Sql-server – SQL Server: compare names ignoring non-alpha

sql serversql-server-2008-r2

I have a database table with a text column "title".
New rows are inserted all the time, and every time I would like to check for potential duplicates on this column.

I define duplicate by "having the same sequence of alpha characters". So, for example, if I already have the string "Lisa's Nights":

  • "LISASNIGHTS" is duplicate, because case doesn't matter, spaces don't
    matter, apostrophe doesn't matter
  • "Lisa's Night" is not duplicate because the final 's' is missing.

Of course I could store an altered version of the title and search there. But is there any other solution?

Best Answer

You can do it on the fly without storing the stripped down name, but that would mean recalculating the strings (e.g. Lisa's Nights, Lisa's Night, LISASNIGHTS) each time a new entry should to be checked against an existing string.

On the other hand, if your table also has a column for the STRIPPEDDOWNNAME, you can leverage SQL Server's constraints.
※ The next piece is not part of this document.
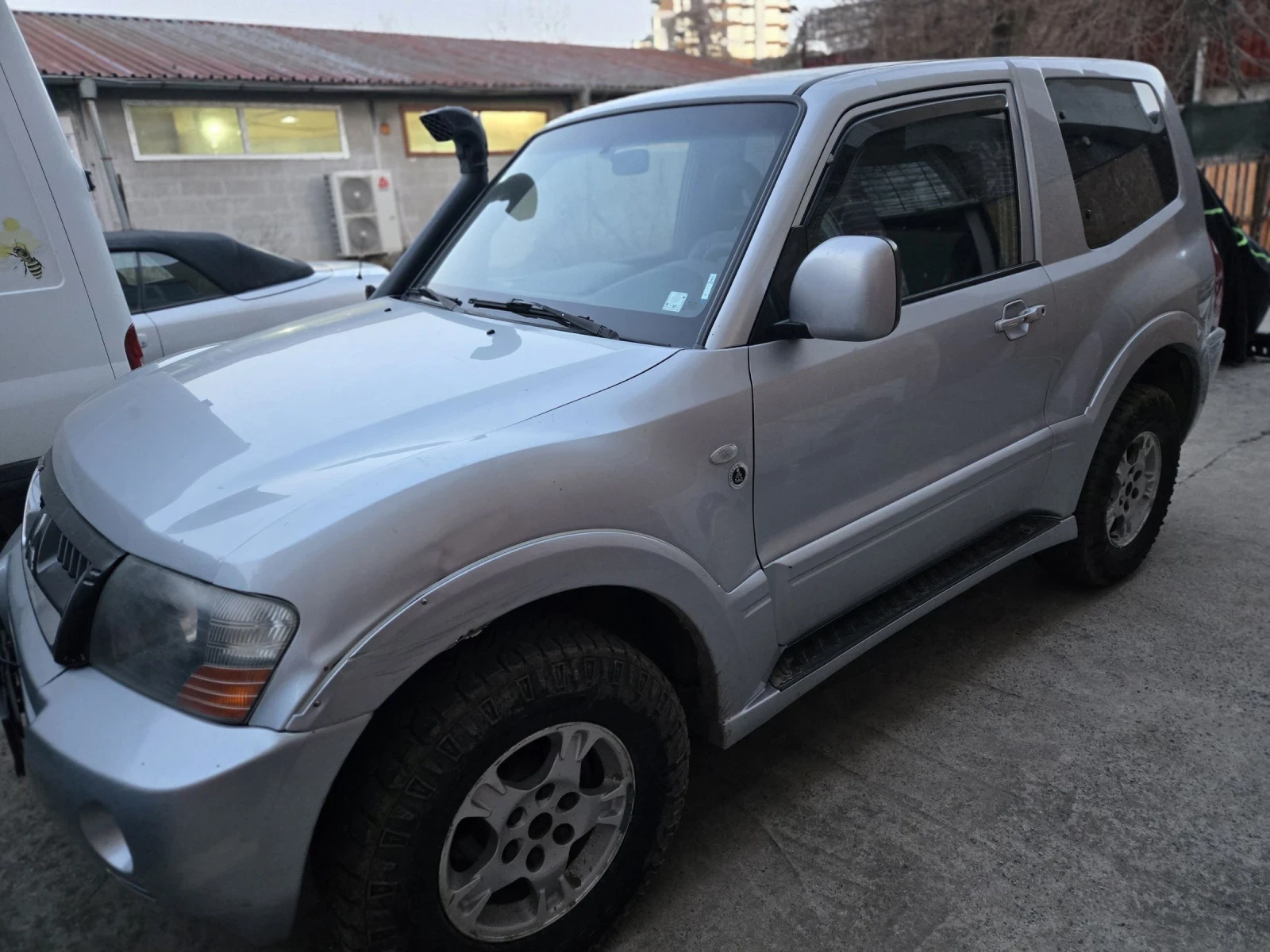 Mitsubishi Pajero 3.2 D-iD, снимка 4 - Автомобили и джипове - 53833261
Create a UNIQUE CONSTRAINT (or a UNIQUE INDEX) on the STRIPPEDDOWNNAME column. Then you will calculate the stripped down name only once, when you insert it into the table. With the UNIQUE CONSTRAINT the SQL Server will immediately let you know if an inserted string is a duplicate.

You can then capture the error and respond as appropriate to your application.

I encourage you to let the SQL Server manage the duplicate check whenever possible.